Puis, les collections croisières qui ne sont pas remises en question : Elles sont certainement l’exemple le plus parlant de toute la dimension capitaliste et coloniale du système. Ces collections, dont les thèmes récurrents sont le “voyage” et “l’exotisme”, sont principalement montrées en dehors des capitales traditionnelles de la mode. Pour 15 minutes de show et une soirée, les maisons patrimoniales élisent domicile dans un paysage “exotique” (Cuba, Rio de Janeiro, Marrakech, Dubaï), déplacent dans le monde entier le petit monde feutré de la mode occidentale dans une débauche de moyens. Pour moi, c’est reconduire l’idée que l’Occident contrôle et a le monde entier à sa disposition. Ces collections sont aussi le moyen pour les marques de montrer toute leur puissance financière car évidemment, ce type de collection coûte extrêmement cher et mobilise énormément de monde. Elles sont un non-sens pour des questions environnementales et décoloniales et pourtant, elles sont toujours bien présentes dans le calendrier annuel des défilés.

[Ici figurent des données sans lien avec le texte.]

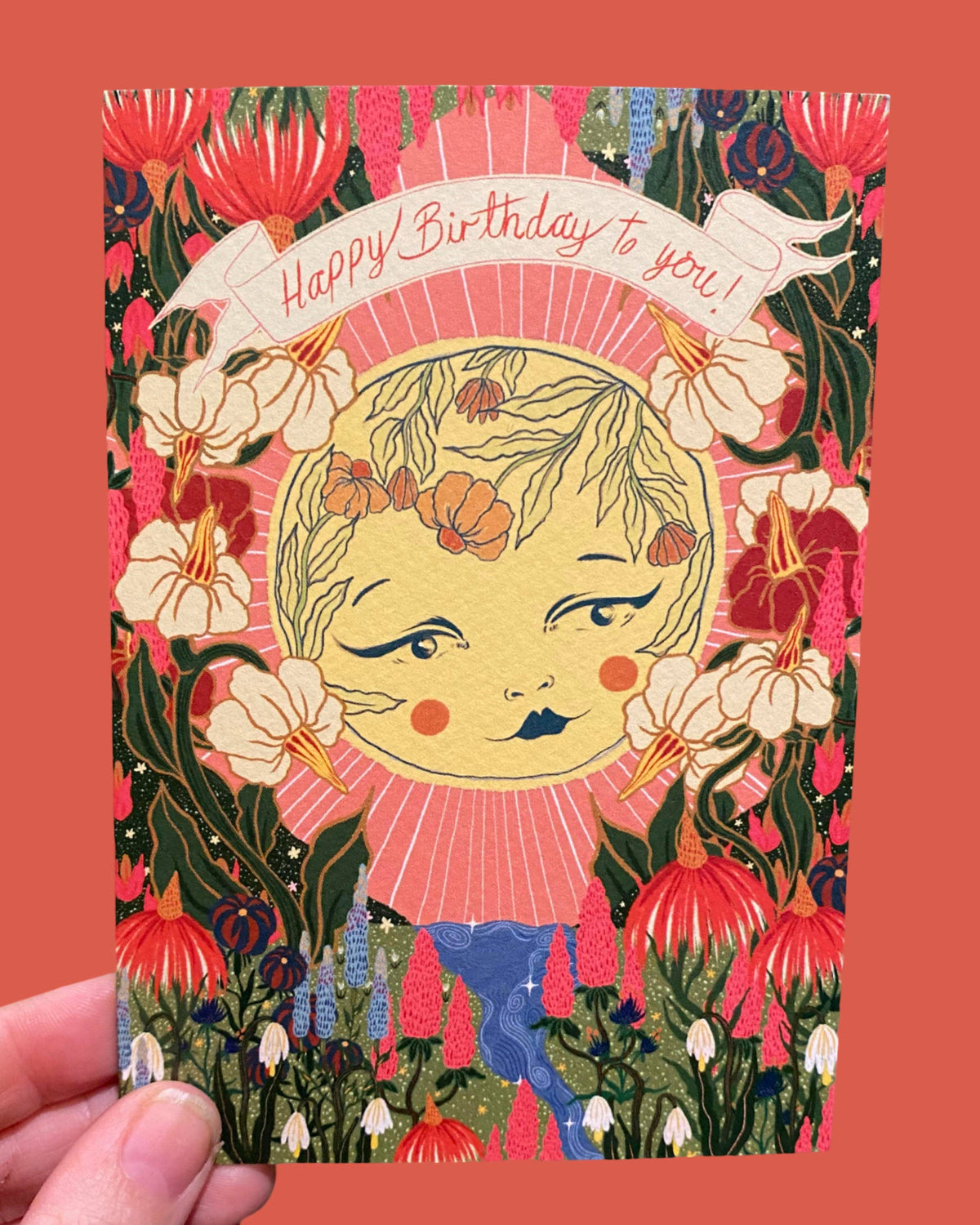 Greeting card with floral design and 'Happy Birthday to you!' text on a red background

Aussi, le diversity-washing du late capitalism : L’industrie de la mode a changé son fusil d’épaule devant tous les scandales provoqués notamment par la question de l’appropriation culturelle, de l’inclusivité et d’une meilleure représentation ethnique. Le capitalisme a ceci d’intéressant qu’il parvient à ingurgiter toutes les luttes féministes, queers, antiracistes pour appliquer un joli vernis et se protéger de toute forme de critique. L’idée pour les marques, c’est de mettre en place une très solide stratégie de communication qui, en définitive, s’apparente plus à du tokénisme qu’autre chose. Lorsqu’on s’inspire de cultures orientales pour une collection croisière, on va voir un déploiement sans précédent de contenus autour du processus créatif des artisans, de leurs savoir-faire exceptionnels, on cherche à montrer à quel point le dialogue interculturel est magnifique et que l’union fait la force. Mais si on fait un pas de côté, on se rend compte que pas grand-chose ne change. Ces artisans sont toujours relayé.e.s au rang de force de production, exploitable à merci, leurs savoir-faire étant mis à la disposition de grands groupes de luxe. Le fait de visibiliser les inspirations des collections permet aux marques de poursuivre leur cavalcade coloniale sans être attaquées en appropriation culturelle. Pourtant, l’Autre (qui est éloigné.e du studio et du processus de décision), bien que visible, est toujours représenté.e sans pour autant être en capacité de parler. La post-cultural appropriation dynamic, c’est juste la mode qui cite ses sources (ça devrait être la base pourtant…).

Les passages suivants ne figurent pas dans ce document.